> **Provided material**:
******

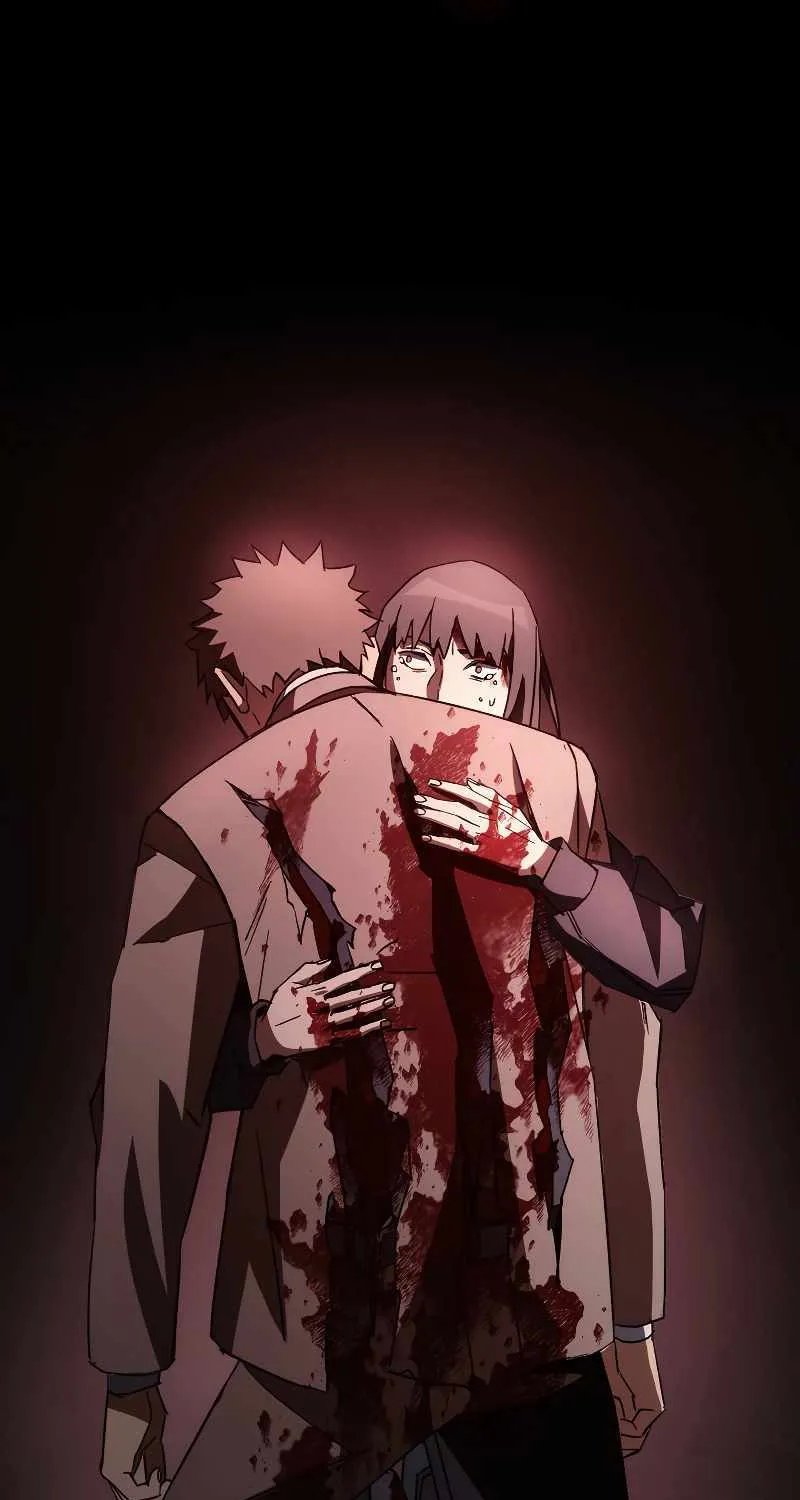 Chapter 83 — page 89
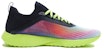 Li-Ning Super Light 16 'Hitam Hijau' ARBP009-9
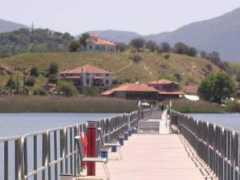 panoramio.com Porichis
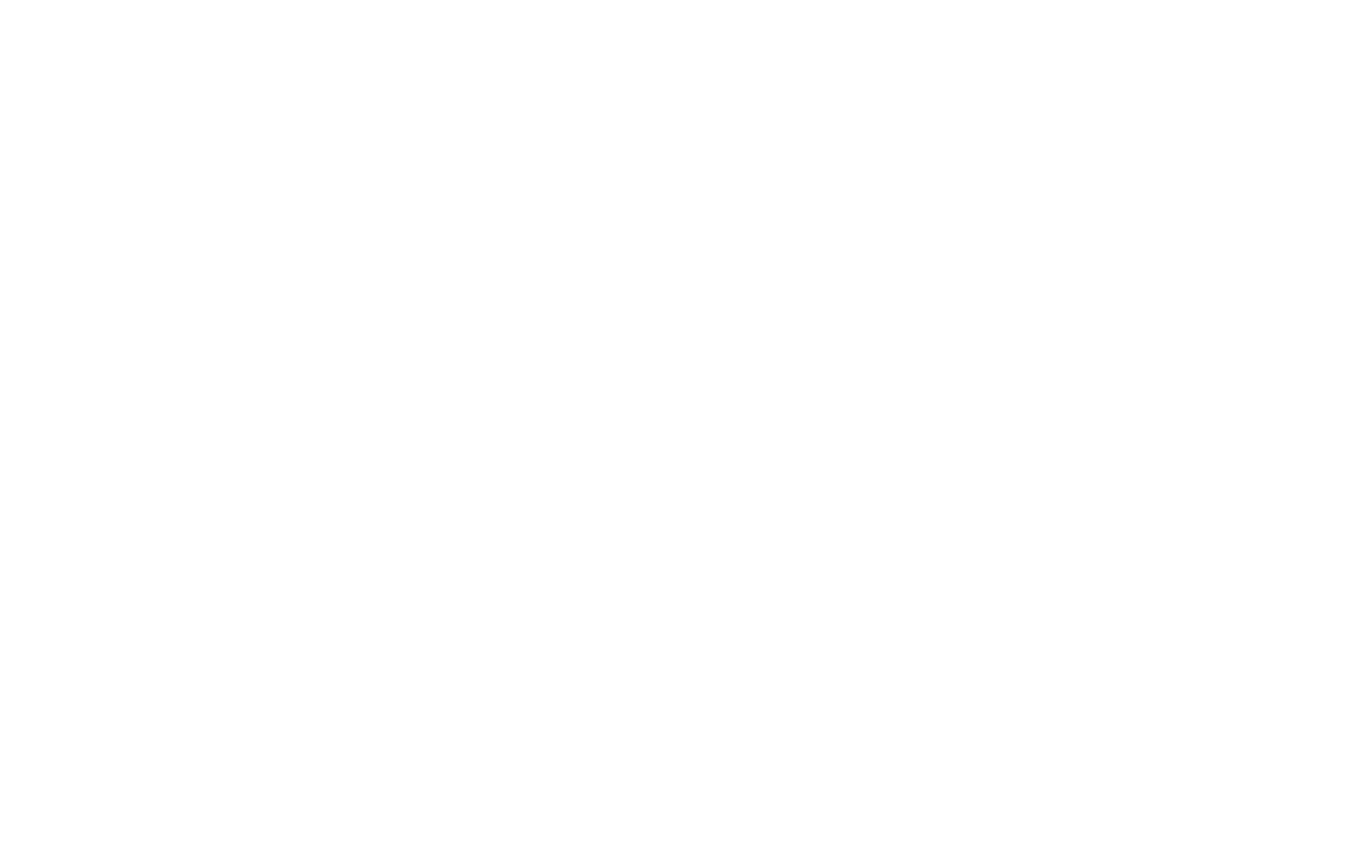 Swift | Grow your business with us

******

> **What to produce**: Nothing but the pictures is to be left out; the rest of the listing should be copied exactly.

> **Response**:
 Chapter 83 — page 89
 Li-Ning Super Light 16 'Hitam Hijau' ARBP009-9
 panoramio.com Porichis
 Swift | Grow your business with us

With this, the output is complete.